---------- Task inputs
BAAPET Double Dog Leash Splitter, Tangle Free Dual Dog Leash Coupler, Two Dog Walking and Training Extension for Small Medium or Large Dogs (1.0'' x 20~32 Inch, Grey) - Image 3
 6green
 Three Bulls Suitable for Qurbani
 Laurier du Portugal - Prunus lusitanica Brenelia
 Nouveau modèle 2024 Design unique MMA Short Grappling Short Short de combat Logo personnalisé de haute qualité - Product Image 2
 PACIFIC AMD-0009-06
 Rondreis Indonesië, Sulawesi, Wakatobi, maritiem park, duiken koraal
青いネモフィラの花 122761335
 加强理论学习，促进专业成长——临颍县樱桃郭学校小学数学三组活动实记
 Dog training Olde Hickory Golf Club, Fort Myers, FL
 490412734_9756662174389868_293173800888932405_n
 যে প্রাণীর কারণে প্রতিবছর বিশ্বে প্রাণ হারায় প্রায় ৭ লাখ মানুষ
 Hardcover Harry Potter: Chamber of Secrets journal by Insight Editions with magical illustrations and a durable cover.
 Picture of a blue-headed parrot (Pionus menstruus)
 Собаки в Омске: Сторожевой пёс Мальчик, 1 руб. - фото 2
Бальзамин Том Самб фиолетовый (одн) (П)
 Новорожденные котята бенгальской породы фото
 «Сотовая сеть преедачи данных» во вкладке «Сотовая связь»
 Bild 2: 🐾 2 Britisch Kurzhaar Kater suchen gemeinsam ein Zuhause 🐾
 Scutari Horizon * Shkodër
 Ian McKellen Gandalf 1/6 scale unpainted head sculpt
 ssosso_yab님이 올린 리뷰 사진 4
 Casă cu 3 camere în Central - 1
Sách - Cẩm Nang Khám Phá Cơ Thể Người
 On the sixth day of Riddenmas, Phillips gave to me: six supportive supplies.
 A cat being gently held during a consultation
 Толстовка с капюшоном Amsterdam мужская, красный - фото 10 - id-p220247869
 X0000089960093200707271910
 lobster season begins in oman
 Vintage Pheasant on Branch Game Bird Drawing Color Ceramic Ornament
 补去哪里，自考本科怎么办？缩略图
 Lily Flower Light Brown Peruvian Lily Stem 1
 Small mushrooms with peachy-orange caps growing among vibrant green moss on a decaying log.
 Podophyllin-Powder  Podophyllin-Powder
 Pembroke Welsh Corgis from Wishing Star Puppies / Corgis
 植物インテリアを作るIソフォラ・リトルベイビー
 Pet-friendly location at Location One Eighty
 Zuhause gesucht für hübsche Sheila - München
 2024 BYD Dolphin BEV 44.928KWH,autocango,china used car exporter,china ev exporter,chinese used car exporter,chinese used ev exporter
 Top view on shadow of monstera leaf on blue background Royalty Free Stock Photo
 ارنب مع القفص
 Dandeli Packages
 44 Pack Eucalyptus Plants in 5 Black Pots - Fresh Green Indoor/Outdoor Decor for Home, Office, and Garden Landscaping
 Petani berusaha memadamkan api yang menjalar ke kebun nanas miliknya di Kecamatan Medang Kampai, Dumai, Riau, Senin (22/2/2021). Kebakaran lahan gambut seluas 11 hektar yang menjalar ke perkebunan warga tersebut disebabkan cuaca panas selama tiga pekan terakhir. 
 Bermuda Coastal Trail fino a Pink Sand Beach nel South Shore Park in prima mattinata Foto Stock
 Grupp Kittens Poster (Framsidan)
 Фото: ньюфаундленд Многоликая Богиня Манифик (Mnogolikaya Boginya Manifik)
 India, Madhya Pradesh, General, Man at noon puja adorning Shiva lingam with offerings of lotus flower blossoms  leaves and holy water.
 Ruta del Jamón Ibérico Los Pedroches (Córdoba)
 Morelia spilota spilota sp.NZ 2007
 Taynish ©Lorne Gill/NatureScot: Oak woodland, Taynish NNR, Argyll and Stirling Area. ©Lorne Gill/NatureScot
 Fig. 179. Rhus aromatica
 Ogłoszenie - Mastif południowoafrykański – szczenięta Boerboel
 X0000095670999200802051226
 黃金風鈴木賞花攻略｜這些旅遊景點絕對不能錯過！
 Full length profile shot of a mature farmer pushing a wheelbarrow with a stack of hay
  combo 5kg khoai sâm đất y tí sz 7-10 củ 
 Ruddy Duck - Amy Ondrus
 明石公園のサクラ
--------------------
• What you need to do:
Output every record above a second time, exactly.

• Problem solution:
BAAPET Double Dog Leash Splitter, Tangle Free Dual Dog Leash Coupler, Two Dog Walking and Training Extension for Small Medium or Large Dogs (1.0'' x 20~32 Inch, Grey) - Image 3
 6green
 Three Bulls Suitable for Qurbani
 Laurier du Portugal - Prunus lusitanica Brenelia
 Nouveau modèle 2024 Design unique MMA Short Grappling Short Short de combat Logo personnalisé de haute qualité - Product Image 2
 PACIFIC AMD-0009-06
 Rondreis Indonesië, Sulawesi, Wakatobi, maritiem park, duiken koraal
青いネモフィラの花 122761335
 加强理论学习，促进专业成长——临颍县樱桃郭学校小学数学三组活动实记
 Dog training Olde Hickory Golf Club, Fort Myers, FL
 490412734_9756662174389868_293173800888932405_n
 যে প্রাণীর কারণে প্রতিবছর বিশ্বে প্রাণ হারায় প্রায় ৭ লাখ মানুষ
 Hardcover Harry Potter: Chamber of Secrets journal by Insight Editions with magical illustrations and a durable cover.
 Picture of a blue-headed parrot (Pionus menstruus)
 Собаки в Омске: Сторожевой пёс Мальчик, 1 руб. - фото 2
Бальзамин Том Самб фиолетовый (одн) (П)
 Новорожденные котята бенгальской породы фото
 «Сотовая сеть преедачи данных» во вкладке «Сотовая связь»
 Bild 2: 🐾 2 Britisch Kurzhaar Kater suchen gemeinsam ein Zuhause 🐾
 Scutari Horizon * Shkodër
 Ian McKellen Gandalf 1/6 scale unpainted head sculpt
 ssosso_yab님이 올린 리뷰 사진 4
 Casă cu 3 camere în Central - 1
Sách - Cẩm Nang Khám Phá Cơ Thể Người
 On the sixth day of Riddenmas, Phillips gave to me: six supportive supplies.
 A cat being gently held during a consultation
 Толстовка с капюшоном Amsterdam мужская, красный - фото 10 - id-p220247869
 X0000089960093200707271910
 lobster season begins in oman
 Vintage Pheasant on Branch Game Bird Drawing Color Ceramic Ornament
 补去哪里，自考本科怎么办？缩略图
 Lily Flower Light Brown Peruvian Lily Stem 1
 Small mushrooms with peachy-orange caps growing among vibrant green moss on a decaying log.
 Podophyllin-Powder  Podophyllin-Powder
 Pembroke Welsh Corgis from Wishing Star Puppies / Corgis
 植物インテリアを作るIソフォラ・リトルベイビー
 Pet-friendly location at Location One Eighty
 Zuhause gesucht für hübsche Sheila - München
 2024 BYD Dolphin BEV 44.928KWH,autocango,china used car exporter,china ev exporter,chinese used car exporter,chinese used ev exporter
 Top view on shadow of monstera leaf on blue background Royalty Free Stock Photo
 ارنب مع القفص
 Dandeli Packages
 44 Pack Eucalyptus Plants in 5 Black Pots - Fresh Green Indoor/Outdoor Decor for Home, Office, and Garden Landscaping
 Petani berusaha memadamkan api yang menjalar ke kebun nanas miliknya di Kecamatan Medang Kampai, Dumai, Riau, Senin (22/2/2021). Kebakaran lahan gambut seluas 11 hektar yang menjalar ke perkebunan warga tersebut disebabkan cuaca panas selama tiga pekan terakhir. 
 Bermuda Coastal Trail fino a Pink Sand Beach nel South Shore Park in prima mattinata Foto Stock
 Grupp Kittens Poster (Framsidan)
 Фото: ньюфаундленд Многоликая Богиня Манифик (Mnogolikaya Boginya Manifik)
 India, Madhya Pradesh, General, Man at noon puja adorning Shiva lingam with offerings of lotus flower blossoms  leaves and holy water.
 Ruta del Jamón Ibérico Los Pedroches (Córdoba)
 Morelia spilota spilota sp.NZ 2007
 Taynish ©Lorne Gill/NatureScot: Oak woodland, Taynish NNR, Argyll and Stirling Area. ©Lorne Gill/NatureScot
 Fig. 179. Rhus aromatica
 Ogłoszenie - Mastif południowoafrykański – szczenięta Boerboel
 X0000095670999200802051226
 黃金風鈴木賞花攻略｜這些旅遊景點絕對不能錯過！
 Full length profile shot of a mature farmer pushing a wheelbarrow with a stack of hay
  combo 5kg khoai sâm đất y tí sz 7-10 củ 
 Ruddy Duck - Amy Ondrus
 明石公園のサクラ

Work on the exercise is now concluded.